My usual method for this kind of photography:
I shoot while walking, phone by my side in one hand and bluetooth trigger (CamKix) in the other. Sometimes when I go out without the trigger, I use the volume buttons to snap the shot, but 1) that usually causes the phone to move even more and often spoils the shot, and 2) if I hold the phone so that I can get a finger or thumb on the volume buttons, I often end up with my blurry fingers in the image.
Since hip shooting is blind shooting, I always use the wide-angle lens to give myself the best chance of getting the subject in the frame. Sometimes I add the Moment wide-angle to the stock lens, which gives me an even wider capture area, about the same as the ultra-wide on the new iPhones, I think. An added benefit of the Moment lens is that I can hold the phone with my fingers behind the lens to keep them out of the picture.
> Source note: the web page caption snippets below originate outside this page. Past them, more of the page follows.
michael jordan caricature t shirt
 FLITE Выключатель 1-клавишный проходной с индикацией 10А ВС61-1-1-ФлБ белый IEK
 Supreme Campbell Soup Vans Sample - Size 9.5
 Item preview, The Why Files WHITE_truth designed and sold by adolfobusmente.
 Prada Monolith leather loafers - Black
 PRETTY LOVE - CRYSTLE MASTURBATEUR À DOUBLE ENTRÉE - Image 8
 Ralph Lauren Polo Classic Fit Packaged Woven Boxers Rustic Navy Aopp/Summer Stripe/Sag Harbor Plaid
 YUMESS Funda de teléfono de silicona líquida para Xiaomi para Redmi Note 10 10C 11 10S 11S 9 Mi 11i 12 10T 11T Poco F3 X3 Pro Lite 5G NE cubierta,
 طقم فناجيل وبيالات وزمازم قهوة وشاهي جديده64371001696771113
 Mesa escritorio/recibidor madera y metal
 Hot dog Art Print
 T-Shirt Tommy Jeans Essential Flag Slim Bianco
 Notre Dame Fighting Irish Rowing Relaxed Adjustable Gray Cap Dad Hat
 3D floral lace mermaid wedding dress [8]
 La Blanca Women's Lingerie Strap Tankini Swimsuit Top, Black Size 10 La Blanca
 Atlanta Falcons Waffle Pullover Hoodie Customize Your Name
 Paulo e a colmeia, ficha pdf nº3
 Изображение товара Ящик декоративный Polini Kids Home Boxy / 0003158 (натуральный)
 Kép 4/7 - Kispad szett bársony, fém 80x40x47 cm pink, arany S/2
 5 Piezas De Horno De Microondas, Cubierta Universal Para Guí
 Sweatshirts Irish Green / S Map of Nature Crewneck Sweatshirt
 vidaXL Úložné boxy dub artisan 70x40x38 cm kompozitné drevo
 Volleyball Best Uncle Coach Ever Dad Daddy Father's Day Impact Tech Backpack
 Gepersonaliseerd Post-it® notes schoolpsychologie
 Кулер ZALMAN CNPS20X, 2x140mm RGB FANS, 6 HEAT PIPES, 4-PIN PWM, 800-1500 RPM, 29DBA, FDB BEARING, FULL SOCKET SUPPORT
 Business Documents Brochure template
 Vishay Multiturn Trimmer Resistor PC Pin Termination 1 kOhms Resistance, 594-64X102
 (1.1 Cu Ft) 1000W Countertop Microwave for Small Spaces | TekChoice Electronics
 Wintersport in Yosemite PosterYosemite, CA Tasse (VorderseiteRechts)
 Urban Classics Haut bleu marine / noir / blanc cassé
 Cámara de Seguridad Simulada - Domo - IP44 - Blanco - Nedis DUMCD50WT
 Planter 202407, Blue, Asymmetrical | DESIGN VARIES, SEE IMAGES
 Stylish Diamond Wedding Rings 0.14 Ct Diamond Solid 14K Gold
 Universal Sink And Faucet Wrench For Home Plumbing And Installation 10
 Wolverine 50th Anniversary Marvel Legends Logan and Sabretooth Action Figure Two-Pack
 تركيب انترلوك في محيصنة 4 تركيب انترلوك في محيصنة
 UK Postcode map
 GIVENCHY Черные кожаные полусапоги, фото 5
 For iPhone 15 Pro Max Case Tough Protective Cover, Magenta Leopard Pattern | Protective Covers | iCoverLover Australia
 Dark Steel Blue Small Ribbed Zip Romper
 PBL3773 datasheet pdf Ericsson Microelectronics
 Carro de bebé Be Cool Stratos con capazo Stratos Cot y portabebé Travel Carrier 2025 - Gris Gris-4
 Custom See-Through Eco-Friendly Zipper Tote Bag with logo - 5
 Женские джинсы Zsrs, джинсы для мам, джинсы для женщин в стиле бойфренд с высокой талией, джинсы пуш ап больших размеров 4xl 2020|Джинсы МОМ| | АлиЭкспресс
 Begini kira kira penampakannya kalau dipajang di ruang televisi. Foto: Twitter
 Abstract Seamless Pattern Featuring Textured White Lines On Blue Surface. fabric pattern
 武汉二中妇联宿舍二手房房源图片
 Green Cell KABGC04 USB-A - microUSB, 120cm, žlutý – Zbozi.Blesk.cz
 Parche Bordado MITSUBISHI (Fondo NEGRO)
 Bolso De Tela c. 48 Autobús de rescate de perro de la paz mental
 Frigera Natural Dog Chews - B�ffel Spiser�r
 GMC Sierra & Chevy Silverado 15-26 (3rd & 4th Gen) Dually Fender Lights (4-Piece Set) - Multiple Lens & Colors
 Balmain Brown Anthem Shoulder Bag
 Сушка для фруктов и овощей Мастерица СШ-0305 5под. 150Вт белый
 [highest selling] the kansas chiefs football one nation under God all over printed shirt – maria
Also, my captures almost always come out tilted, no matter how much I try to be aware of my hand position, so wide-angle lens gives me extra room for rotating the image back to straight without chopping off anything important. (Yes, yes, I confess my personal preference is to have horizons, streets, buildings, etc., be level and plumb, unless the off-axis presentation is there to make some aesthetic point.)
I almost always use the iPhone native camera app and shoot JPGs for these kinds of photos. I used to use burst mode until Apple changed the trigger for it, so now I snap off repeated shots with the bluetooth trigger. The 3-second Live photos would be another option, but that usually doesn't work out as well for me.